The numbers at a glance
| Category | Miami (U.S.) | Lisbon (Portugal) | Florianópolis (Brazil) |
| 1BR apartment, city center | $2,986/mo | $1,531/mo | $579/mo |
| Dinner for two, mid-range | $120 | $57 | $40 |
| Private kindergarten, monthly | $1,870 | $615 | $672 |
| International school, annual | $38,614 | $16,031 | $10,566 |
| Top income tax rate | 37% (federal) | 28% (standard) | 27.5% |
| Broadband (60+ Mbps) | $68/mo | $35/mo | $21/mo |
| Global Peace Index rank | 127th | 7th | 82nd |
 Sources: Numbeo (March 2026); Global Peace Index 2025; IRS (U.S.); Portuguese Tax Authority; Brazilian Federal Revenue.
A checklist before you move
After helping more than 2,000 families relocate through Migronis and going through several relocations myself, I keep a short list of questions I ask before any move.
- Does this country tax income earned elsewhere? The answer determines whether your existing business becomes more or less profitable overnight. Before you commit to a country, find out how it taxes foreign income today, and look at which direction the policy is moving.

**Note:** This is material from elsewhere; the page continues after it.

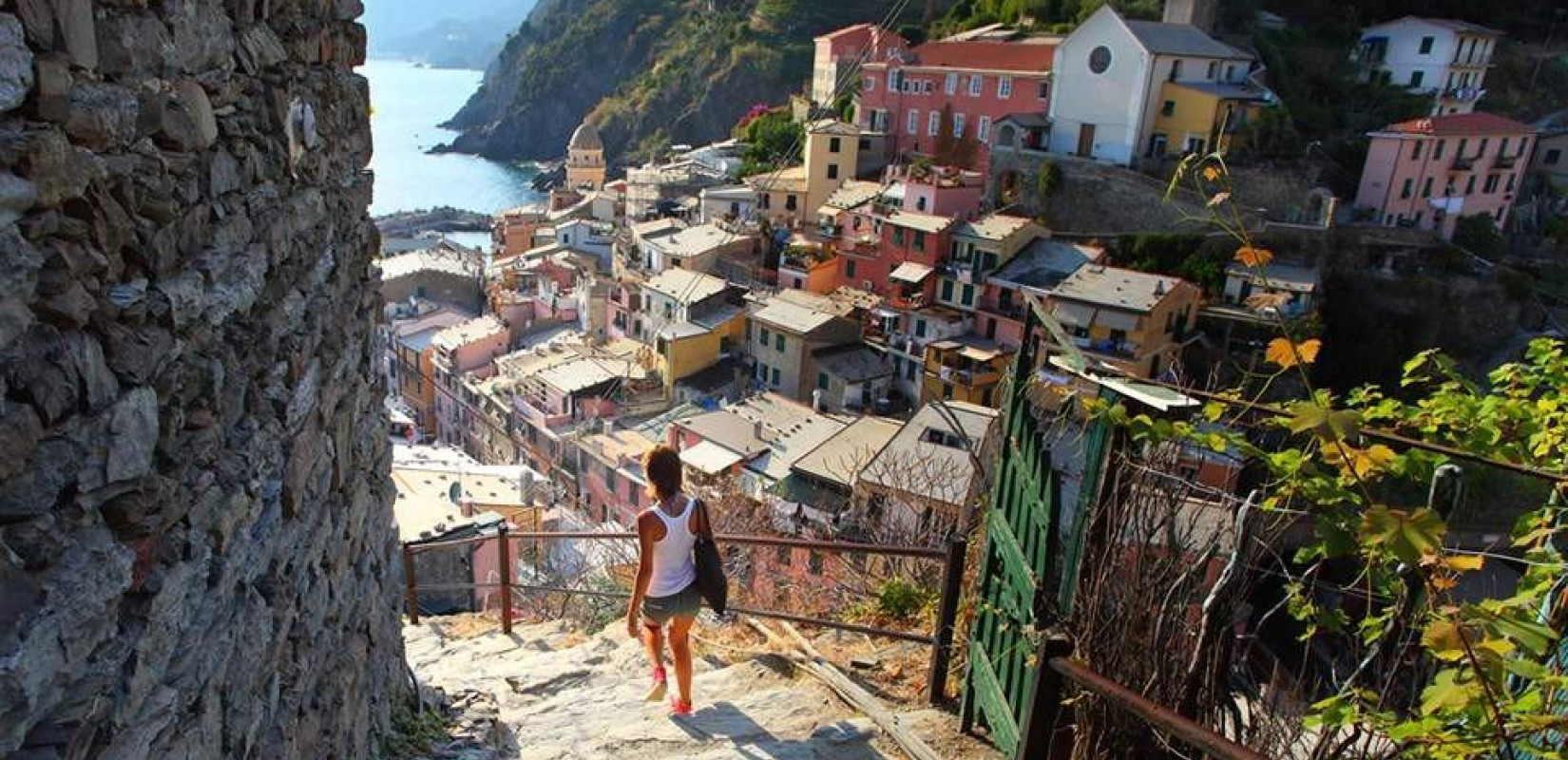 Πρόστιμο σε όσους κάνουν πεζοπορία με σαγιονάρες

- Can I open a business bank account, and how long will compliance take? The answer sometimes depends on your passport. For some nationalities, the process wraps up in days; for others, enhanced due diligence can stretch it to months.
- What does the residency path look like in five years? A visa is permission to stay. A passport is permission to leave. If a country does not offer a realistic route to citizenship, your options shrink the moment the political weather changes.
- Where are the nearest conflicts? Look at the map the way a logistics company would. Dubai is 150 kilometers from Iran across open water. Florianópolis is thousands of kilometers from the nearest border dispute, and that dispute is dormant.
- What do the hidden costs look like? Miami’s lack of state income tax disappears when you add federal tax, health insurance at $1,500 a month for a family, and property insurance. Lisbon’s reasonable rents disappear under 23% VAT and the cost of navigating Portuguese bureaucracy. Floripa’s low sticker price holds up under scrutiny because the things that cost less (food, housing, childcare) are the ones you spend on every single day.
The luxury of choosing one place and being sure it will stand the test of time for the next 10 years is something we no longer have in our fast-changing world.
We have been in Florianópolis for over a year now. I think it was the right call for this chapter of my life. In a couple of years, we may reassess; the luxury of choosing one place and being sure it will stand the test of time for the next 10 years is something we no longer have in our fast-changing world.